Data Venture

Venture Funding Into AI And Machine Learning Levels Off As Tech Matures

A few years ago, Teslas driving down Sand Hill Road couldn’t kick up a pebble and somehow not hit a founder—typically fresh out of a PhD program—talking about their new machine learning startup. But times and trends in investing change.

“Machine learning” was the “blockchain” of its day.

However, it appears as though venture funding into companies specifically focused on machine learning and AI and its applications has begun to level off, at least in the US. But that may not be such a bad thing. Before we discuss why that could be the case, let’s take a look at the numbers.

Scaling The Funding Plateau

Artificial intelligence and machine learning, despite being active areas of academic research for decades, didn’t hit the venture-backed mainstream until fairly recently. Thanks to advances in computing hardware, commoditized and (relatively) more user-friendly open source software frameworks, in conjunction with a veritable Cambrian explosion of data, the last decade or so was particularly propitious for entrepreneurs and investors in the machine learning and AI sector.

Only after a set of enabling technologies emerged, and a firm substrate of large and high-resolution data was laid down, did entrepreneurs start companies and investors followed suit.

The chart below shows the rapid ramp-up in both deal and dollar volume for venture deals raised by companies in that sector. (To learn more about the data we’re using for this and proceeding charts, check out the notes at the end.)

It’s rare that funding data produces such a clear S-shaped curve. It’s one that closely resembles a technology adoption curve not unlike the ones first described in the 1960s by Everett Rogers in his book about *Diffusion of Innovation*s, a topic Crunchbase News has explored in the past.

Indeed, AI and machine learning—as a sector—is now relatively mature. As the chart below shows, 2017 was the first year in a decade that had a year-over-year decline in seed-stage deals (comprised mostly of angel and seed rounds, with some convertible notes and equity crowdfunding campaigns included) than prior years.

There are fewer seed-stage companies entering the pipeline in the U.S., and the proportion of early and late-stage rounds is once again growing after seed-stage deal volume peaked and plateaued between 2014 and 2016, as the chart below shows.

Even though deal volume has flattened out, dollar volume has not. But that’s mostly because if growing capital demands by early and late-stage companies. The chart below shows the growth in dollar volume, again broken down by stage.

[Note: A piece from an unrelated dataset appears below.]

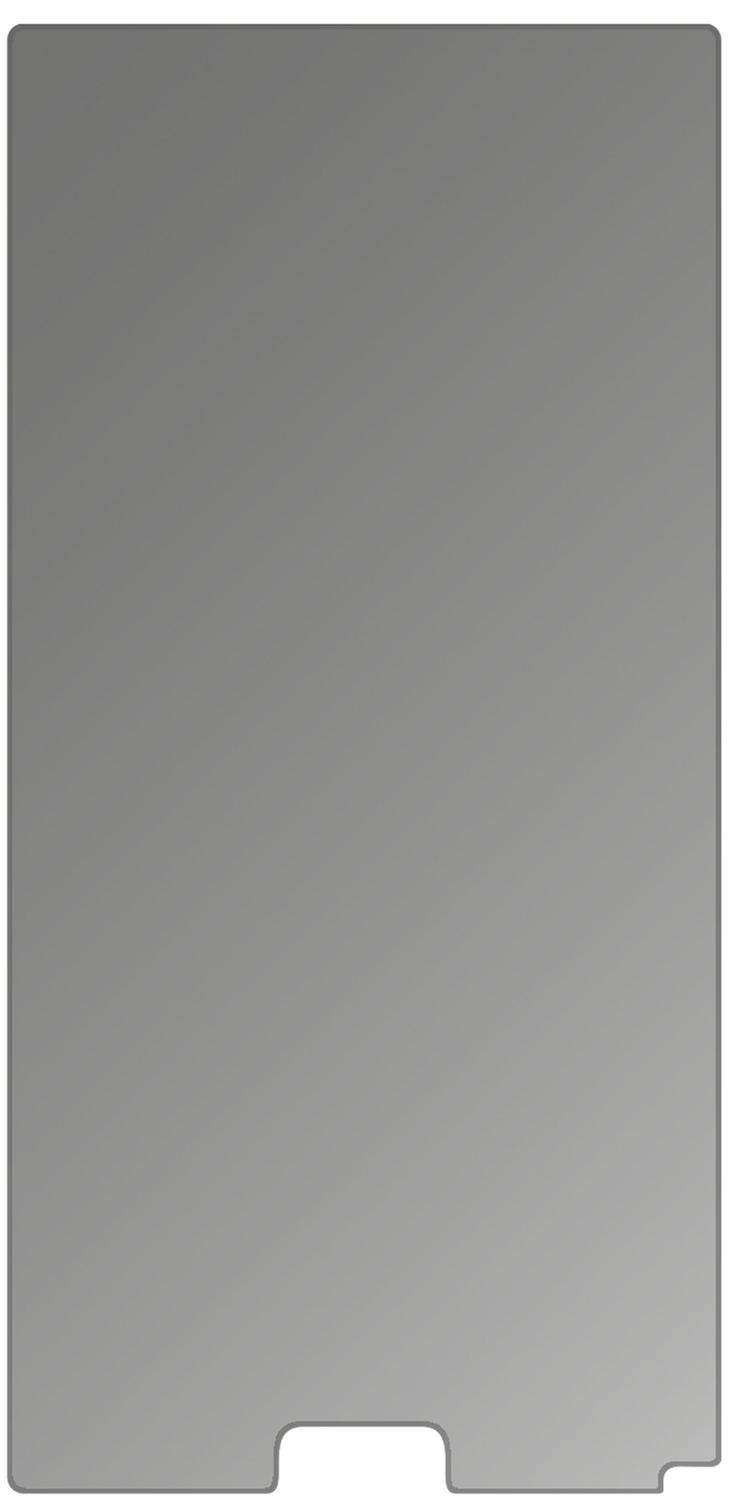 dipos Displayschutz für Elephone S8, mattierte Oberfläche, Blickschutzfilter und perfekter Passform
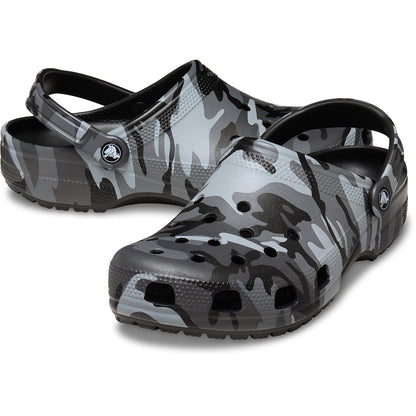 Classic Camouflage Clog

Again, dollar volume into seed-stage deals declined from the previous year, down from approximately $515 million in recorded funding in 2016 to $415 million in 2017. Despite the downturn, early (Series A and Series B) and late-stage (Series C and beyond) dollar volume grew at a rapid clip, not just because there were more rounds, but because the average round for these deal types grew significantly over time. For perspective, the average early-stage round for an AI or machine learning startup in 2010 was about $4.8 million. In 2017, that ballooned to $11.7 million.

In Venture-Backed Startups, AI Is Common As Air

Although it’s tempting to think that reaching a deal-flow plateau is a bad thing for an emerging technology, it really marks a kind of graduation from the garage and dorm room domain of bleeding-edge startups into the mainstream.

Until a new technology paradigm comes in to shake up the field, akin to the shift to neural nets from strictly rule-based AI in the 1980s, there will be fewer niches for super early-stage startups to fill. And that’s okay.

The Startups We’re Talking About When We Talk About AI Startups

The dataset we’ve built for this analysis is expansive by design, encompassing over 3,100 unique venture capital rounds (seed, angel, convertible notes, equity crowdfunding, Series A, Series B, etc) raised by U.S.-based companies.

We started our search with Crunchbase’s “artificial intelligence” category group. This category group is itself comprised of subcategories like artificial intelligence, machine learning, natural language processing, intelligent systems, and predictive analytics. In addition to this pre-defined group of categories, we added rounds for companies in the computer vision category. And in the unlikely event that some rounds were excluded from these categories, we also included rounds from companies that use those category names as keywords in their descriptions, as well as keywords like “neural net,” “neural network,” and “deep learning.”